• [What to work on] All entries below need to be written out exactly, but without their pictures.

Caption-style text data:
•••

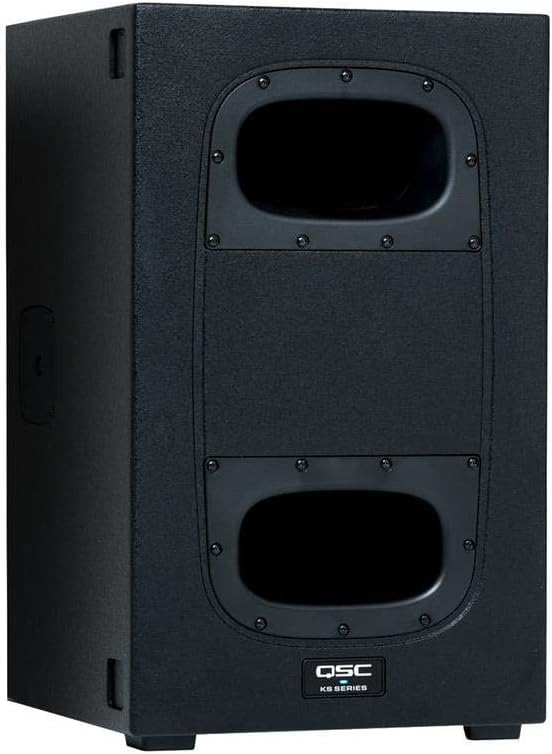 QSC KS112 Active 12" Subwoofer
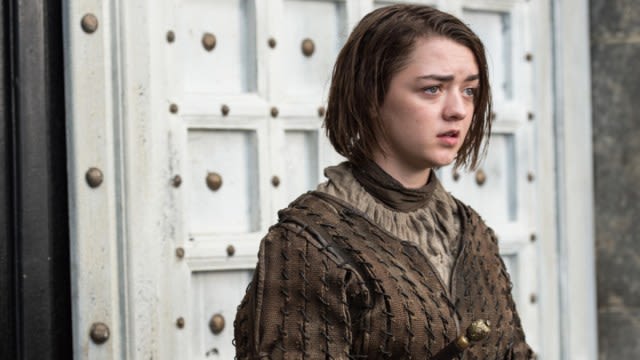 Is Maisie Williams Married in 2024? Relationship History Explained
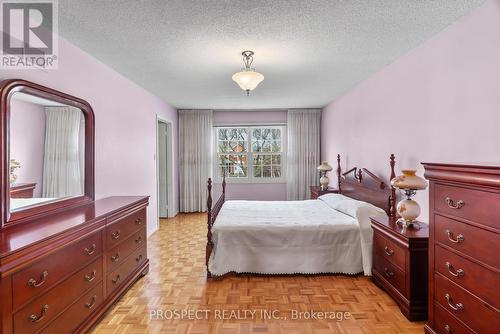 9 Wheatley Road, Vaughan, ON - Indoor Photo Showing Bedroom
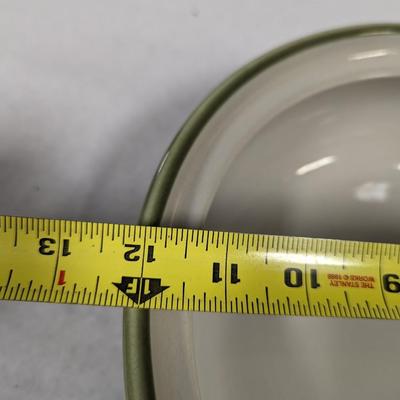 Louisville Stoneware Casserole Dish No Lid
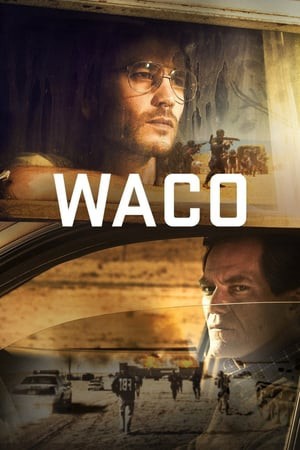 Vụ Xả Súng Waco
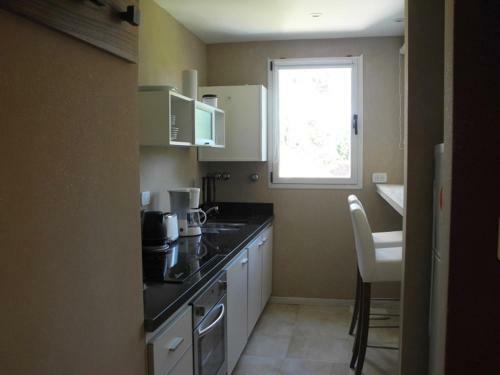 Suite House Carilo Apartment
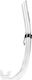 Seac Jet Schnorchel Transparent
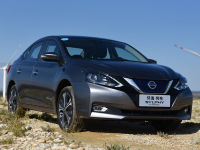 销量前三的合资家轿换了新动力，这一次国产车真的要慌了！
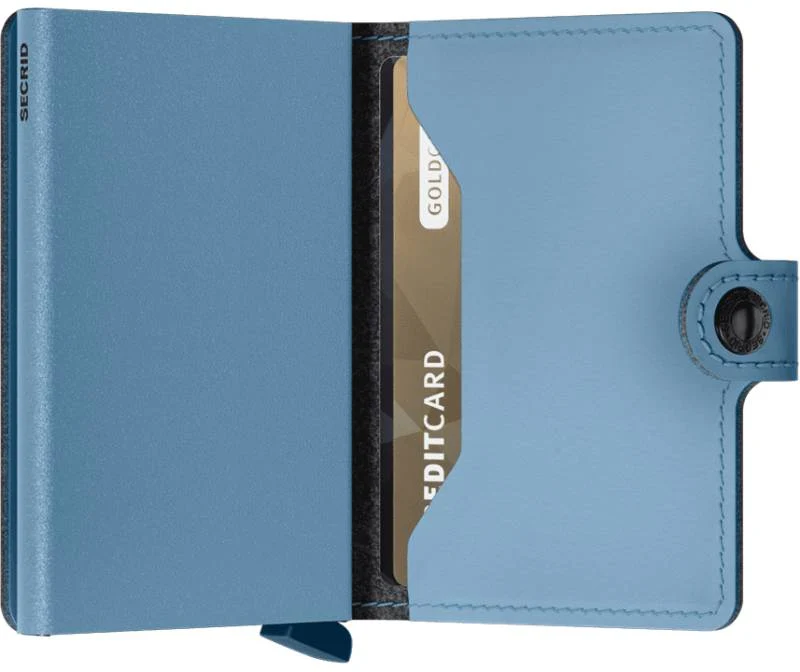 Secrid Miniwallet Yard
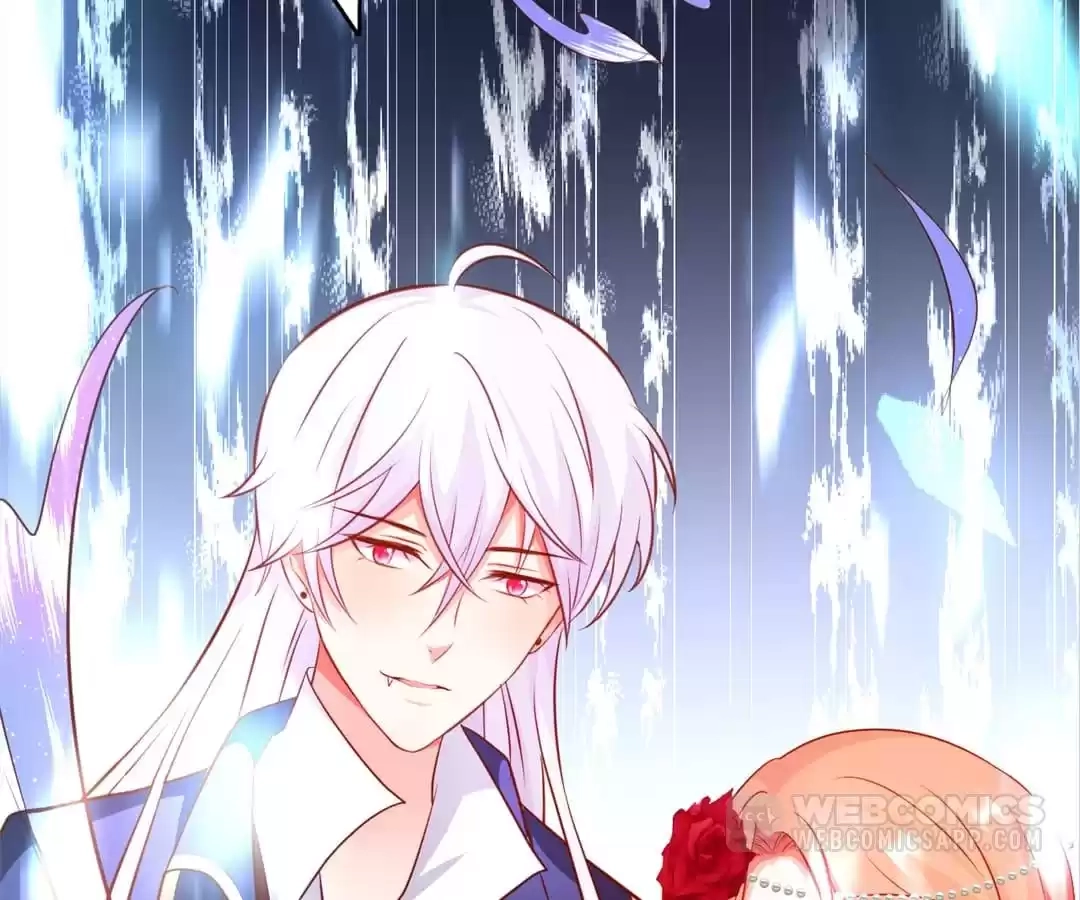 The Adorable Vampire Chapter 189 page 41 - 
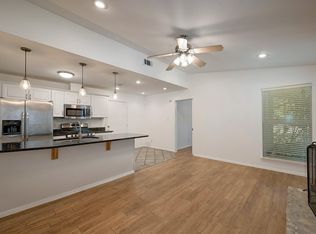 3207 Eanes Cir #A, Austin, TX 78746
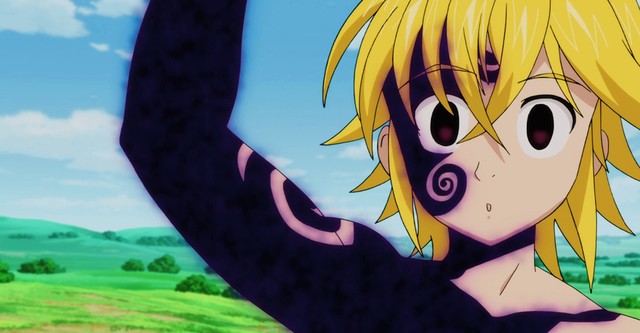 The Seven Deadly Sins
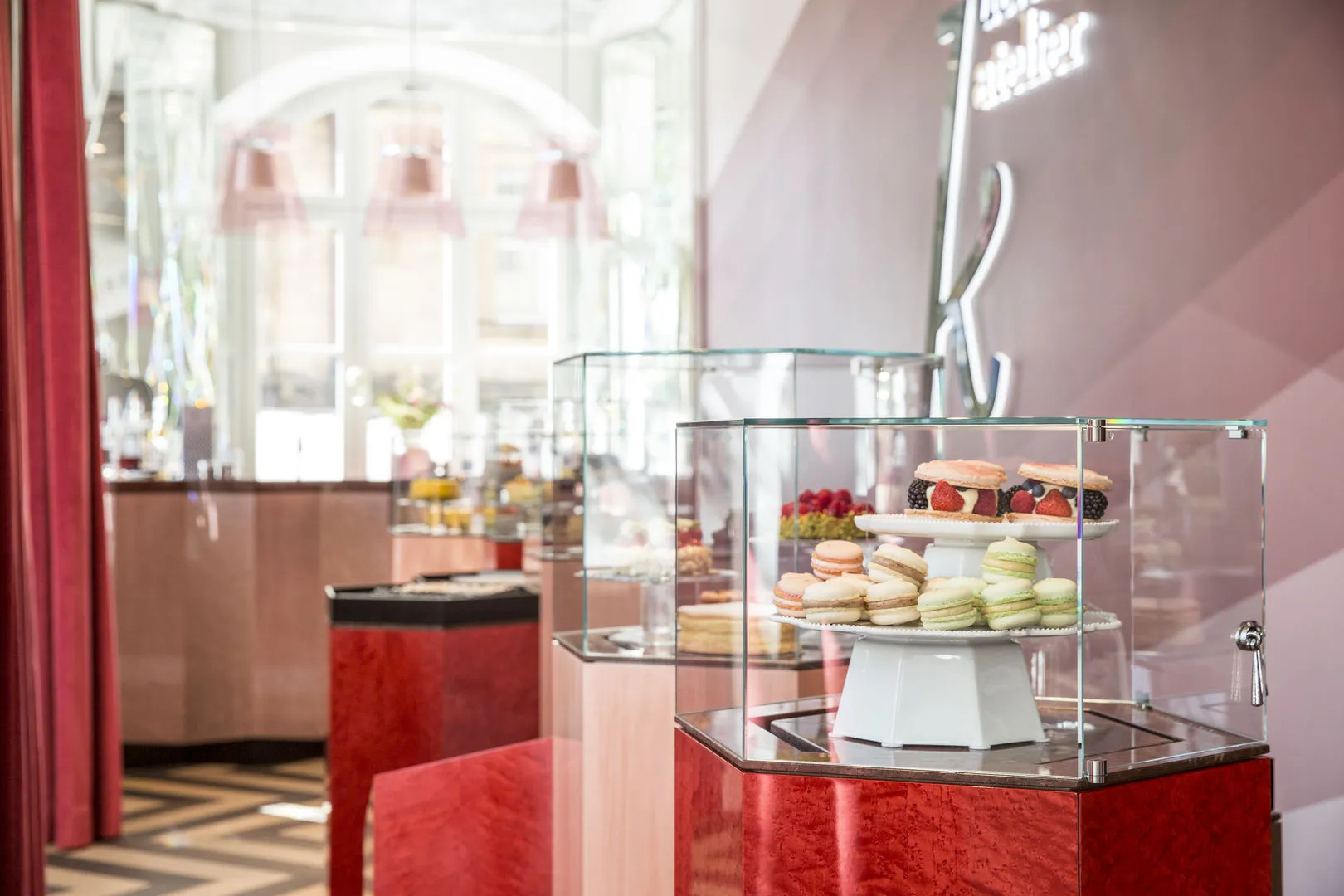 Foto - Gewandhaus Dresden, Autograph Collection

•••

• [Output for this task]
 QSC KS112 Active 12" Subwoofer
 Is Maisie Williams Married in 2024? Relationship History Explained
 9 Wheatley Road, Vaughan, ON - Indoor Photo Showing Bedroom
 Louisville Stoneware Casserole Dish No Lid
 Vụ Xả Súng Waco
 Suite House Carilo Apartment
 Seac Jet Schnorchel Transparent
 销量前三的合资家轿换了新动力，这一次国产车真的要慌了！
 Secrid Miniwallet Yard
 The Adorable Vampire Chapter 189 page 41 - 
 3207 Eanes Cir #A, Austin, TX 78746
 The Seven Deadly Sins
 Foto - Gewandhaus Dresden, Autograph Collection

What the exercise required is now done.